In this way mules and drivers worked until four o'clock in the afternoon, the dirty water often coming up over the floor of the ambulance, and many times it looked as if we could not go on one step farther without being upset in the mud and water.

But at four we reached an island, where there was a small house and a stable for the stage relay horses, and not far beyond was another island where Faye decided to camp for the night. It was the only thing he could have done. He insisted upon my staying at the house, but I finally convinced him that the proper place for me was in camp, and I went on with him. The island was very small, and the highest point above water could not have been over two feet. Of course everything had to be upon it - horses, mules, wagons, drivers, Faye and I, and the two small squirrels, and the chickens also. In addition to our own traveling menagerie there were native inhabitants of that island - millions and millions of mosquitoes, each one with a sharp appetite and sharp sting. We thought that we had learned all about vicious mosquitoes while in the South, but the Southern mosquitoes are slow and caressing in comparison to those Montana things.

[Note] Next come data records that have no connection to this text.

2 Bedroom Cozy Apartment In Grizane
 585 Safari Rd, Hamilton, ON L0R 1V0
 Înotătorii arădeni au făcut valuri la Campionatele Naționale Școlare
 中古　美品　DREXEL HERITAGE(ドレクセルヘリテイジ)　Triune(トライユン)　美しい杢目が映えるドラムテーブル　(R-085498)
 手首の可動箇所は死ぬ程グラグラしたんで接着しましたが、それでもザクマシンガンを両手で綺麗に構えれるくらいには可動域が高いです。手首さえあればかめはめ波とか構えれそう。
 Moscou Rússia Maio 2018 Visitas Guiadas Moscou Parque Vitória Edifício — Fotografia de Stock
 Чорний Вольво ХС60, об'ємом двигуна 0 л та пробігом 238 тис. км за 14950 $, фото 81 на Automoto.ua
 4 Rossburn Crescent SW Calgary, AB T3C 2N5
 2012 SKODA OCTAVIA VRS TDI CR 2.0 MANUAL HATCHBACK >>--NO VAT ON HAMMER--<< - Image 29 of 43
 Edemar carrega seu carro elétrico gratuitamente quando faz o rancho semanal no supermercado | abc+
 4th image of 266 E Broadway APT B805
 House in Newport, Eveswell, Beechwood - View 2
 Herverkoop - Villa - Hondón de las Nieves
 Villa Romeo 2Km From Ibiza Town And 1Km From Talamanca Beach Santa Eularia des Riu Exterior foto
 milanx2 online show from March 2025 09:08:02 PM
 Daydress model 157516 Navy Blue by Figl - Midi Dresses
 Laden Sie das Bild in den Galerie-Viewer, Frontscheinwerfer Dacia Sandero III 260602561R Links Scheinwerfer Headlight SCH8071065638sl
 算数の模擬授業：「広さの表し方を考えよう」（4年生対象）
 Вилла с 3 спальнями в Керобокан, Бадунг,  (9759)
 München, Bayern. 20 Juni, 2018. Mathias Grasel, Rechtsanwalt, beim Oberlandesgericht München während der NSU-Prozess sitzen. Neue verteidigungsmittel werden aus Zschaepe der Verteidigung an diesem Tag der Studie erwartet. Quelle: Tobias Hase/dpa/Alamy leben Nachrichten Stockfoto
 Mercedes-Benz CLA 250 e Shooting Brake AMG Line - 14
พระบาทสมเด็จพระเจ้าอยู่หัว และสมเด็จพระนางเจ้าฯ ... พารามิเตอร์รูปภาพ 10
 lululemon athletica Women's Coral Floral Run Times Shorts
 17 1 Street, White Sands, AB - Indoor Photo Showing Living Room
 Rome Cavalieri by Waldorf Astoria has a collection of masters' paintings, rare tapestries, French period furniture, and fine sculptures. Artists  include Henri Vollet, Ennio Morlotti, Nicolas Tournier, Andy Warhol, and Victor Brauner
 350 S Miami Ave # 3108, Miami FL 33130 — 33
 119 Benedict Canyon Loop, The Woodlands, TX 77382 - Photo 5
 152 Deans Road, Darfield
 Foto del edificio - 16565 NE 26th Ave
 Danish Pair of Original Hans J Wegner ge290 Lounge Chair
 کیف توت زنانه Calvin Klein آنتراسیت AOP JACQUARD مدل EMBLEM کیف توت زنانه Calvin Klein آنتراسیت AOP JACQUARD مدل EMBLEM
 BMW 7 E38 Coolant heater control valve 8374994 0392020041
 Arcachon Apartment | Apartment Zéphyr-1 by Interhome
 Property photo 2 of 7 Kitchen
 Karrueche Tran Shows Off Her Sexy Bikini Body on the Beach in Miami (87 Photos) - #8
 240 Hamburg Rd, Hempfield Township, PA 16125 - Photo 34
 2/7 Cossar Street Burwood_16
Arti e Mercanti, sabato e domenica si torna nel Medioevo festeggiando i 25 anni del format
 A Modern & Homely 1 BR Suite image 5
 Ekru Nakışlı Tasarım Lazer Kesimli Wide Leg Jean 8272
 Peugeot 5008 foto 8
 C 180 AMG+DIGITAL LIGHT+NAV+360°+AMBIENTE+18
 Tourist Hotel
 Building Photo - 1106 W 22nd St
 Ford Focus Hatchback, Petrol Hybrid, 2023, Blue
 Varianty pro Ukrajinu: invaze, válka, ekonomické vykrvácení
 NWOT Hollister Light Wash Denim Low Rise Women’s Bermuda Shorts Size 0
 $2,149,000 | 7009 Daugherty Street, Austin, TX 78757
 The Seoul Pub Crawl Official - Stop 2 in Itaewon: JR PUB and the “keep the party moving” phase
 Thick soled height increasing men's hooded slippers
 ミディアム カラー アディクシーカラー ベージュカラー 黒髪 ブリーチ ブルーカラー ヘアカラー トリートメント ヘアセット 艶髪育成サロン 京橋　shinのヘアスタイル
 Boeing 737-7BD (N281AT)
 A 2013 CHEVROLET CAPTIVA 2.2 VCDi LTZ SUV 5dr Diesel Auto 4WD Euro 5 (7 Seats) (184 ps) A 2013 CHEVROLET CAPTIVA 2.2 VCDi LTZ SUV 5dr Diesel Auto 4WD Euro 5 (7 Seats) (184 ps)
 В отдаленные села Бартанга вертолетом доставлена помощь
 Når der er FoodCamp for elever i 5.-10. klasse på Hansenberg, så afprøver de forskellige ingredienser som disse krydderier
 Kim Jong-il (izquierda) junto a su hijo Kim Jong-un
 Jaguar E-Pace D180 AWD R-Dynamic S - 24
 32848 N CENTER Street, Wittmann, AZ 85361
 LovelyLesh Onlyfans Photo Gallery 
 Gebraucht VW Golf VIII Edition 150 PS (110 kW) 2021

It was very warm, and the Chinaman felt sorry for the chickens shut up in the boxes, where fierce quarrels seemed to be going on all the time. So after he had fed them we talked it over, and decided to let them out, as they could not possibly get away from us across the big body of water. There were twenty large chickens in one big box, and twenty-seven small ones that had been brought in a long box by themselves. Well, Charlie and one of the men got the boxes down and opened them. At once the four or five mother hens clucked and scratched and kept on clucking until the little chicks were let out, when every one of them ran to its own mother, and each hen strutted off with her own brood. That is the absolute truth, but is not all. When night came the chickens went back to their boxes to roost - all but the small ones. Those were left outside with their mothers, and just before daylight Charlie raised a great commotion when he put them up for the day's trip.

When we were about ready to start in the morning, a man came over from the house and told Faye that he would pilot us through the rest of the water, that it was very dangerous in places, where the road had been built up, and if a narrow route was not carefully followed, a team would go down a bank of four or five feet. He had with him just the skeleton of a wagon - the four wheels with two or three long boards on top, drawn by two horses.